Because of SGLT2 inhibitors’ effects on blood pressure, their use may lead to postural hypotension and dizziness, particularly in elderly patients, those taking loop diuretics, or those with tenuous intravascular volume. Therefore, caution and dose adjustments may be warranted in such patients (32,33). Pooled trial data from long-term canagliflozin therapy showed an increase in bone fracture rates, leading the FDA to issue a new warning in September 2015 for decreased bone mineral density and to strengthen its warning about increased bone fracture risk (34). SGLT2 inhibitors increase serum phosphate levels, likely via tubular reabsorption, thereby increasing both parathyroid hormone (PTH) and fibroblast growth factor (FGF) 23. PTH and FGF 23 promote phosphaturia and have opposite effects on vitamin D metabolism, although evidence has shown that SGLT2 inhibitors decrease mean 1,25 dihydroxyvitamin D levels (35). Neither dapagliflozin nor empagliflozin carry bone fracture risk warnings (36,37).

There have also been concerns of bladder and breast cancer with dapagliflozin because it was associated with a nonsignificant increase in phase 2 and 3 trials. However, this may be attributable to detection bias (3840). Molecular and animal evidence does not suggest a positive link between SGLT2 inhibitor exposure and cancer risk (41). Minimal increases in LDL cholesterol also have been noted with SGLT2 inhibitors, potentially resulting from metabolic changes such as increased lipoprotein lipase activity, but the exact mechanism is unknown (22,42).

FDA Warning for Ketoacidosis

Diabetic ketoacidosis (DKA) is a potentially life-threatening complication in people with diabetes, predominantly those with type 1 diabetes. DKA typically is defined as the triad of hyperglycemia (blood glucose >250 mg/dL), anion gap metabolic acidosis, and the presence of urine or plasma ketones (43). Euglycemic DKA (euDKA) is rare and defined as DKA with a blood glucose level ≤250 mg/dL. It may be precipitated by incomplete DKA treatment or reduced insulin dose, food restriction, alcohol consumption, or inhibition of gluconeogenesis (44). Metabolic changes during pregnancy may also predispose patients to euDKA (45).

After reviewing FDA Adverse Event Reporting System database entries since the approval of canagliflozin in March 2013, the FDA issued a warning in May 2015 about the risk of DKA associated with SGLT2 inhibitors. The report found 73 cases of DKA in patients with type 1 diabetes or type 2 diabetes treated with SGLT2 inhibitors, specifically 44 cases in type 2 diabetes, 16 in type 1 diabetes, 13 unspecified, and 1 in a patient with latent autoimmune diabetes in adults (LADA) (26). Canagliflozin, dapagliflozin, and empagliflozin were associated with 21, 4, and 4 DKA cases, respectively (26). Concomitant dehydration, infection, and changes in insulin dose were reported in 73% of the cases. Management took place in emergency departments or inpatient settings in all of the cases, and the FDA identified possible risk factors, including infection, low-carbohydrate diet or reduced caloric intake, alcohol use, and reduced dose or discontinuation of insulin or oral insulin secretagogue therapy (26). The FDA has added this warning to the labels of all SGLT2 inhibitors, and post-marketing pharmacovigilance studies are ongoing.

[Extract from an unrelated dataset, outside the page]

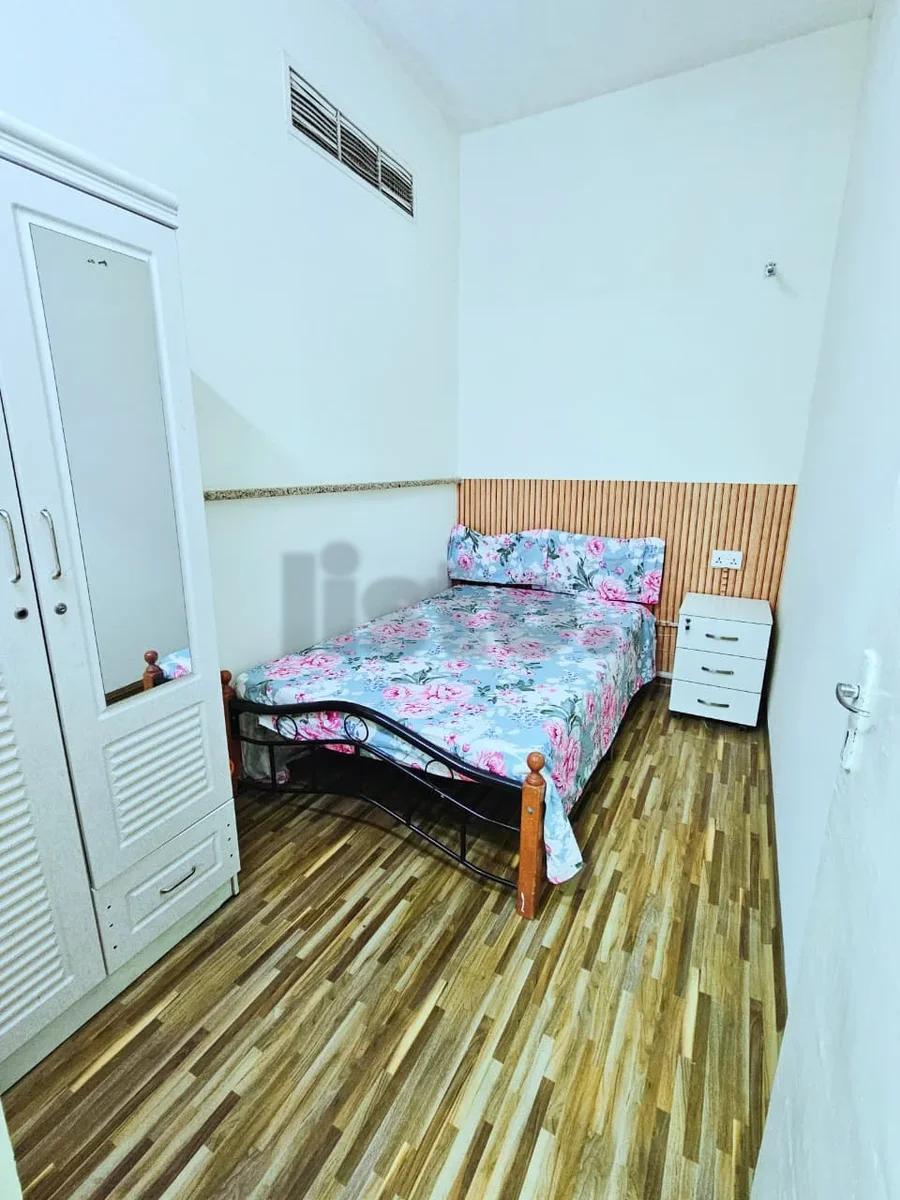 Family partition available in England Cluster International City Dubai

Possible Mechanisms of DKA

Although the exact mechanism is not fully understood, the following proposed mechanisms may explain how SGLT2 inhibitors cause euDKA (46):

  1. Reduced insulin levels and enhanced glucagon secretion. SGLT2 inhibitors act by blocking the reabsorption of filtered glucose in the PCT, leading to an increased excretion of glucose in the urine and decreased levels of glucose in the blood (47,48). The lower blood glucose levels result in the reduced secretion of insulin from the pancreatic β-cells.This enhances the secretion of glucagon from the pancreatic α-cells, which is referred to as an indirect effect of SGLT2 inhibitors on glucagon (49,50). Additionally, in vitro human and in vivo mice studies show that dapagliflozin directly acts on the pancreatic α-cells and triggers the secretion of glucagon, providing evidence that SGLT2 inhibitors are indeed α-cell secretagogues (51). Eventually, reduced insulin and increased glucagon levels will initiate lipolysis in adipose tissues and β-oxidation of fatty acids, leading to the formation of ketone bodies in the liver and potentially causing euDKA (47,49). Patients with reduced insulin levels, whether from a reduction in insulin dose or an insulin deficiency, may be at increased risk.

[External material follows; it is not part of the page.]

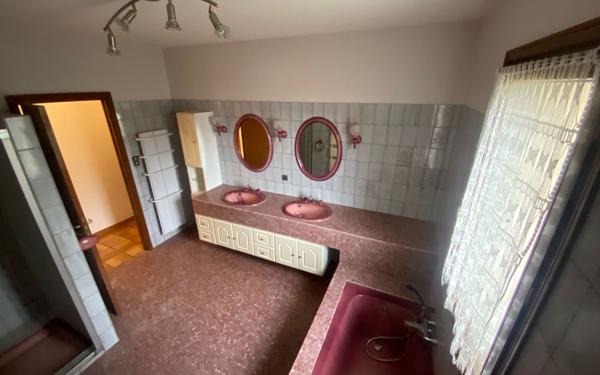 Maison à vendre    4 pièces • 154,50 m2 Toulouse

  2. Reduced renal clearance of ketone bodies. SGLT2 inhibitors also may contribute to decreased excretion of ketone bodies synthesized in the body because phlorizin decreases the renal clearance of ketone bodies (46).

DKA and SGLT2 Inhibitors: Literature Review

DKA in People With Type 2 Diabetes

In people with type 2 diabetes, no clear signal to suggest DKA was noted in large clinical development programs for any of the three marketed SGLT2 inhibitors. Several case reports are now noted in the literature (Table 1) (5256). As evidenced by case reports, sudden withdrawal of insulin therapy or secretagogues during the initiation of SGLT2 inhibitors may increase the risk of DKA. Additionally, patients following a low-carbohydrate diet may be at risk, and ensuring appropriate hydration is essential because dehydration may lead to acceleration of ketogenesis (54). Two cases of euDKA developed in the postoperative period, and further research will be needed to provide recommendations for SGLT2 inhibitor therapy in the pre- and postoperative periods (56).

View this table:
TABLE 1.

Case Reports of DKA in Patients With Type 2 Diabetes Receiving SGLT2 Inhibitor Therapy

Further information is available from trial data. Erondu et al. (57) reviewed DKA events in the canagliflozin type 2 diabetes clinical program. Twelve of the 17,596 patients developed DKA or related events while receiving canagliflozin. However, half of the 12 patients were reported to have type 1 diabetes or LADA. The EMPA-REG OUTCOME study conducted for 3 years with 7,020 patients found no difference in the rate of DKA with empagliflozin compared to placebo (19). Based on >18,000 patients with type 2 diabetes in randomized, controlled study programs, the frequency of DKA in those exposed to dapagliflozin is <0.1% (44).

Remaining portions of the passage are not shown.